How to complete this task:
Below are several records. Retype exactly those lines running from the one with "THEA MINI - Bordeaux - Embossé Lézard" through the one with "Reloj automático Heritor", end lines included, and no others.

The input:
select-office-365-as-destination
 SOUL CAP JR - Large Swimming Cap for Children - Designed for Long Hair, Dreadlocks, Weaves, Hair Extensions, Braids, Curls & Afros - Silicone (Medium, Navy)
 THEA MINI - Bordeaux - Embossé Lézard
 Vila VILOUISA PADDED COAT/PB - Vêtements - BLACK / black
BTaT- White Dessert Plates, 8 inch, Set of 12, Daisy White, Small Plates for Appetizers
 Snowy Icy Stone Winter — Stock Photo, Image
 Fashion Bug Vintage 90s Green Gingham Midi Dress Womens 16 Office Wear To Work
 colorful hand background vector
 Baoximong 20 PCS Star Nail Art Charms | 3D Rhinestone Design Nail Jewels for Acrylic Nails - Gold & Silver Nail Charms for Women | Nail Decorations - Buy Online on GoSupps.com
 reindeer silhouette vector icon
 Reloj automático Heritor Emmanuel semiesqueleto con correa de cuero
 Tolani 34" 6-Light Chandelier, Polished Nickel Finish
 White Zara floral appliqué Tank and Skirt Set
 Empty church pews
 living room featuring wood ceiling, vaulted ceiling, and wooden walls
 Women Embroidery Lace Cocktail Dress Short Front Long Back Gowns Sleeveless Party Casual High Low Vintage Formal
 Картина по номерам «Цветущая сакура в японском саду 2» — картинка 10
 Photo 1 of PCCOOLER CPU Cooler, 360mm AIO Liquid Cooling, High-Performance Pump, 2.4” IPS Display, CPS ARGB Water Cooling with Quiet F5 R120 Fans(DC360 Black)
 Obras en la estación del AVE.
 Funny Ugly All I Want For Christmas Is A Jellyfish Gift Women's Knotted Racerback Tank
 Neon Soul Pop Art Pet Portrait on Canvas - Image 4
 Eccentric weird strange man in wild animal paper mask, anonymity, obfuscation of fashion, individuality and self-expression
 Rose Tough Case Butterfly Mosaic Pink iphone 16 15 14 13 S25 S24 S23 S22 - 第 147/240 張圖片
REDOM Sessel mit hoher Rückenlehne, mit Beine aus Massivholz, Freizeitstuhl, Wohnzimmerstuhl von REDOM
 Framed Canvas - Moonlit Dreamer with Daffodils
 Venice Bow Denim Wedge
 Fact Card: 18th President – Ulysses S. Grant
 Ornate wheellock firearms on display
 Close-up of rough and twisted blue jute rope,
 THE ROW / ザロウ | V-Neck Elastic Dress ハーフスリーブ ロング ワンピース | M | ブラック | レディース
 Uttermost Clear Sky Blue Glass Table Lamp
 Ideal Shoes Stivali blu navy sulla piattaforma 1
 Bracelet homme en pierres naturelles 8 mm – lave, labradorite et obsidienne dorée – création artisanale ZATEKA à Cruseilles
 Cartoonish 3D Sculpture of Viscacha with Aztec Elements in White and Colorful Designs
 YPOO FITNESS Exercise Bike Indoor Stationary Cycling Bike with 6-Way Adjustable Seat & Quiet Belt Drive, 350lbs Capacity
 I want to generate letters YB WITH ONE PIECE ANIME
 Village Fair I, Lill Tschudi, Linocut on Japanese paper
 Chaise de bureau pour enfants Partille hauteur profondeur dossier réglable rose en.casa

Answer space:
 THEA MINI - Bordeaux - Embossé Lézard
 Vila VILOUISA PADDED COAT/PB - Vêtements - BLACK / black
BTaT- White Dessert Plates, 8 inch, Set of 12, Daisy White, Small Plates for Appetizers
 Snowy Icy Stone Winter — Stock Photo, Image
 Fashion Bug Vintage 90s Green Gingham Midi Dress Womens 16 Office Wear To Work
 colorful hand background vector
 Baoximong 20 PCS Star Nail Art Charms | 3D Rhinestone Design Nail Jewels for Acrylic Nails - Gold & Silver Nail Charms for Women | Nail Decorations - Buy Online on GoSupps.com
 reindeer silhouette vector icon
 Reloj automático Heritor Emmanuel semiesqueleto con correa de cuero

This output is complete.